It’s always interesting to see what people thought of technology when it first launched. Here is a New York Times take on the site back when it was still known as The Facebook:

LIKE many addictions, it begins innocently enough. A tentative experiment here, a repeat visit there. Before too long, only the strong survive.

“At the beginning of the year you had people checking every five minutes to see if they had any new friends,” said Isabel Wilkinson, a Princeton University freshman from New York City. “I like to think it’s subsided a little, but it’s still heinous in terms of procrastination or wasting time. Last night I couldn’t sleep, so I went on for a half-hour or 45 minutes.”

I joined Facebook in 2004, and it would remain exclusive and college-only for several years to come. It was incredibly addictive. The exclusivity didn’t hurt either, and it was a really different experience when it was just a bunch of college kids making friends and sharing stories.

In many ways, Facebook is even more addictive than ever. It’s a testament to the staying power of the site and the additional work that has gone into the site that people still find it addictive 10 years later. Ten years is a long time in Web years.
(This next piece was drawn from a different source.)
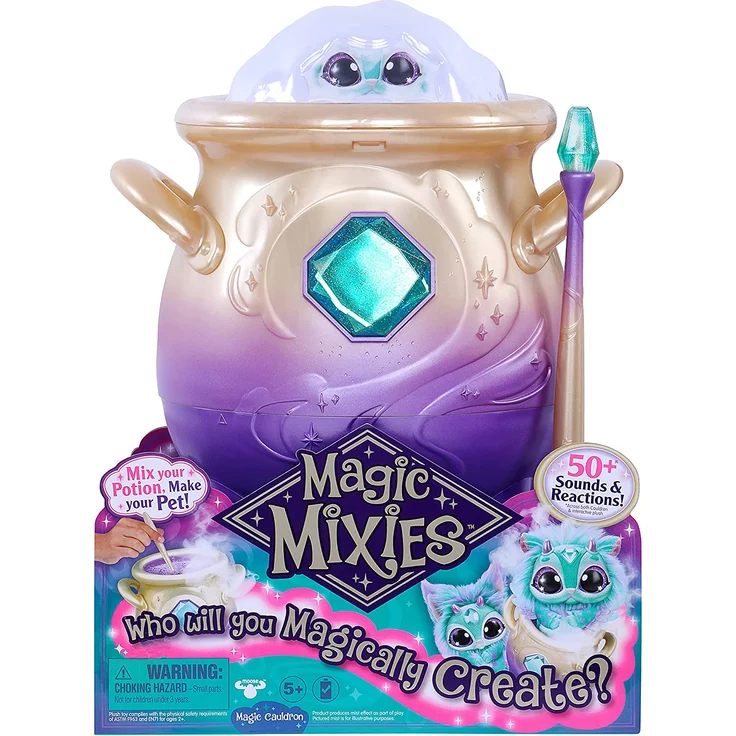 Moose Toys Magic Mixies 'Magischer Zauberkessel' Funktionsplüsch, ab 5 Jahren, blau – Bild 1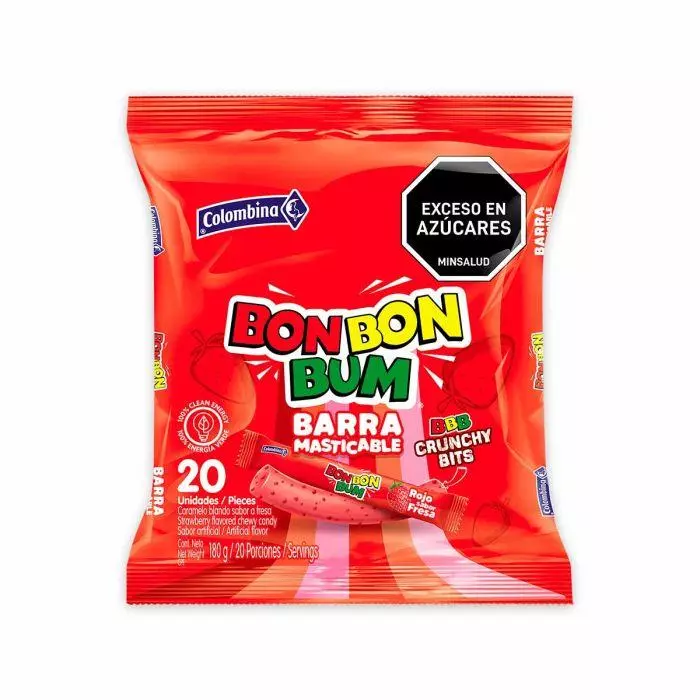 BARRA MASTICABLE BONBONBUM X 20 UNID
Yes, Facebook users are aging, but the site is growing up with us. Where we used to share drunken stories and try to check out people of the opposite sex, we now connect with family all over the country and stay in touch with our college friends.

It’s hard to describe what Facebook was like when it first started if you weren’t there, but it took off like nothing I’ve ever seen in my life. Most people don’t get Twitter at first. Everyone got Facebook the moment they saw it.

Within days of it coming to Lehigh, almost all of my friends were on it. Everyone just had to have it. It made my last two years of college a lot more memorable.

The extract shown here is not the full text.